Par4Sem |
Dataset
Learning_to_Rank Dataset collected in each iterations are found here
File formats: It is a TAB separated format where:
- First column is HIT ID (so all sentences with the same HIT ID were assigned to one worker at MTurk)
- Second column is the iteration number (at which Iteration this data is collected),
- Third, fourth and fifth columns are the sentence, the target unit in the sentence, and the possible candidate suggestion respectively.
- The sixth and the seventh columns are the offsets of the target unit in the sentence.
- The last column is the number of workers who choose the candidate suggestion for the given target unit.
Example:
3A520CCNWN1XLHTKZR9HJXTKN5BAEO 3 Others oppose Assad and accuse Damascus of heavy-handed meddling in Lebanese politics. meddling appointments 56 64 0
3A520CCNWN1XLHTKZR9HJXTKN5BAEO 3 Others oppose Assad and accuse Damascus of heavy-handed meddling in Lebanese politics. meddling blending 56 64 1
3A520CCNWN1XLHTKZR9HJXTKN5BAEO 3 Others oppose Assad and accuse Damascus of heavy-handed meddling in Lebanese politics. meddling clashing 56 64 1
3A520CCNWN1XLHTKZR9HJXTKN5BAEO 3 Others oppose Assad and accuse Damascus of heavy-handed meddling in Lebanese politics. meddling dealing 56 64 1
3A520CCNWN1XLHTKZR9HJXTKN5BAEO 3 Others oppose Assad and accuse Damascus of heavy-handed meddling in Lebanese politics. meddling interacting 56 64 2
3A520CCNWN1XLHTKZR9HJXTKN5BAEO 3 Others oppose Assad and accuse Damascus of heavy-handed meddling in Lebanese politics. meddling interruptions 56 64 1
3A520CCNWN1XLHTKZR9HJXTKN5BAEO 3 Others oppose Assad and accuse Damascus of heavy-handed meddling in Lebanese politics. meddling involvement 56 64 3
3A520CCNWN1XLHTKZR9HJXTKN5BAEO 3 Others oppose Assad and accuse Damascus of heavy-handed meddling in Lebanese politics. meddling meddlesome 56 64 1
3A520CCNWN1XLHTKZR9HJXTKN5BAEO 3 Others oppose Assad and accuse Damascus of heavy-handed meddling in Lebanese politics. meddling opponents 56 64 0
3A520CCNWN1XLHTKZR9HJXTKN5BAEO 3 Others oppose Assad and accuse Damascus of heavy-handed meddling in Lebanese politics. meddling upheaval 56 64 0
Difficult unit identification dataset: The difficult unit identification dataset that are used to instantiate the classification model are based on the CWI dataset from here.
The training data are in the following format:
<ID> Both China and the Philippines flexed their muscles on Wednesday. 31 51 flexed their muscles 10 10 3 2 1 0.25
<ID> Both China and the Philippines flexed their muscles on Wednesday. 31 37 flexed 10 10 2 6 1 0.4
<ID> Both China and the Philippines flexed their muscles on Wednesday. 44 51 muscles 10 10 0 0 0 0.0
Each line represents a sentence with one complex word annotation and relevant information, each separated by a TAB character.
- The first column shows the HIT ID of the sentence.

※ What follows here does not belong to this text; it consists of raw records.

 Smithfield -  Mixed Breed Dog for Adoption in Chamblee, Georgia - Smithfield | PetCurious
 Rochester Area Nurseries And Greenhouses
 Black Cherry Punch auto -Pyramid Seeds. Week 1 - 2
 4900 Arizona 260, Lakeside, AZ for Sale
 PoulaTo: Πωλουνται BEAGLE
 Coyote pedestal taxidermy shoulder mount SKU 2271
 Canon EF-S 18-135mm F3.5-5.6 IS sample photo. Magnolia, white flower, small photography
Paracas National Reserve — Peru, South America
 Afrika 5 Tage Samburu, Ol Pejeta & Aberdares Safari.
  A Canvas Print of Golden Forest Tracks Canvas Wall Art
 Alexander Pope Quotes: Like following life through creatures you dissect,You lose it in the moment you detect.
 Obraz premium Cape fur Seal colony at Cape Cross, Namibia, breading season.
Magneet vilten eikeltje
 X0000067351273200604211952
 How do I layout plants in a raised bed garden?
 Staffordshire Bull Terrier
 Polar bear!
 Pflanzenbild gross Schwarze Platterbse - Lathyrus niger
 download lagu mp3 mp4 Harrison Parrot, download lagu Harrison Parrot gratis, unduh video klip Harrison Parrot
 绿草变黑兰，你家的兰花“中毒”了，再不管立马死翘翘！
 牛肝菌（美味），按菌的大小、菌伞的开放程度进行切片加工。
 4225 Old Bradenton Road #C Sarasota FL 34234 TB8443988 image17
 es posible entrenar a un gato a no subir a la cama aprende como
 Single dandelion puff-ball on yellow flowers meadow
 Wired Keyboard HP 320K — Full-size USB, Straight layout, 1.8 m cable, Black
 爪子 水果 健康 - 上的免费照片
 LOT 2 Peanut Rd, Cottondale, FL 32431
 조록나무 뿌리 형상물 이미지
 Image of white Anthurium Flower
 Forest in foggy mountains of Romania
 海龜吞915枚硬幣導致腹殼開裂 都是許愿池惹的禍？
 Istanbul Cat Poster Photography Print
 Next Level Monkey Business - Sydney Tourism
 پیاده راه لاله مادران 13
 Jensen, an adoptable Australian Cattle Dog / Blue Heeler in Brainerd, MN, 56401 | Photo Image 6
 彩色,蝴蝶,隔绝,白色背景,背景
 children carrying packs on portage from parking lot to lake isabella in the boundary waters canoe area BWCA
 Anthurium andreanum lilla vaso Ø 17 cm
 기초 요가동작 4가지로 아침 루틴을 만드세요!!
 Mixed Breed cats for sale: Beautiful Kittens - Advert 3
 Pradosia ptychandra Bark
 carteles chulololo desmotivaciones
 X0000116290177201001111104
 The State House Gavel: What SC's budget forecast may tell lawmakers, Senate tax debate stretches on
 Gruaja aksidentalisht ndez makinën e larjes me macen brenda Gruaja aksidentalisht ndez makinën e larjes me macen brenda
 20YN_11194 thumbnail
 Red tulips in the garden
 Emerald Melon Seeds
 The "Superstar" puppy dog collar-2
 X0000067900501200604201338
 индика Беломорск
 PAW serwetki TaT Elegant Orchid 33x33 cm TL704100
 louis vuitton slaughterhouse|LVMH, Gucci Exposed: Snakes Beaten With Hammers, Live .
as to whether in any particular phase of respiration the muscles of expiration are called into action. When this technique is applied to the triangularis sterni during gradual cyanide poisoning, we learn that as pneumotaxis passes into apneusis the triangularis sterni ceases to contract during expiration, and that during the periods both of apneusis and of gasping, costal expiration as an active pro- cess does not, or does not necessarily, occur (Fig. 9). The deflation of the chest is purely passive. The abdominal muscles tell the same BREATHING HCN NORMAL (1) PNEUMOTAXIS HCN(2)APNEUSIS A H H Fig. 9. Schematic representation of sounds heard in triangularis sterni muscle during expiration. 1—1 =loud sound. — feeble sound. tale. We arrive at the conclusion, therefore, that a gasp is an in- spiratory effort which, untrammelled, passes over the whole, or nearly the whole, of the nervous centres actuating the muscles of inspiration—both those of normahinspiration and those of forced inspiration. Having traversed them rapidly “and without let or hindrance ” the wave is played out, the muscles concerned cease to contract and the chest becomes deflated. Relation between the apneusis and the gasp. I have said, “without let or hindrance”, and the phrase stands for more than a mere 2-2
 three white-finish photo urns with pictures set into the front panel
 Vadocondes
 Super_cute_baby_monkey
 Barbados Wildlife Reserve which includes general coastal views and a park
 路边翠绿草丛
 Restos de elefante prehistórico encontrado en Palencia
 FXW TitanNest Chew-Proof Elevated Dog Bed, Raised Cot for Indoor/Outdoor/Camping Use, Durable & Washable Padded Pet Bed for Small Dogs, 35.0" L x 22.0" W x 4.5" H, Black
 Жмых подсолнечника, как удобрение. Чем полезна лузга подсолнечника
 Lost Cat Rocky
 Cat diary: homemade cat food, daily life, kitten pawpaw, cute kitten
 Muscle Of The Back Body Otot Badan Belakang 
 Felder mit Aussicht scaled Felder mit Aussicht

All sentences with the same ID belong to the same HIT.
- The second column shows the actual sentence where there exists a complex phrase annotation.
- The third and fourth columns display the start and end offsets of the target word in this sentence.
- The fifth column represents the target word.
- The sixth and seventh columns show the number of native annotators and the number of non-native annotators who saw the sentence.
- The eighth and ninth columns show the number of native annotators and the number of non-native annotators who marked the target word as difficult.
-
The tenth and eleventh columns show the gold-standard label for the binary and probabilistic classification tasks. The labels in the binary classification task were assigned in the following manner:
- 0: simple word (none of the annotators marked the word as difficult)
- 1: complex word (at least one annotator marked the word as difficult)
The labels in the probabilistic classification task were assigned as the number of annotators who marked the word as difficult/the total number of annotators.
Details about the dataset is available in the CWI Shared Task 2018 dataset section.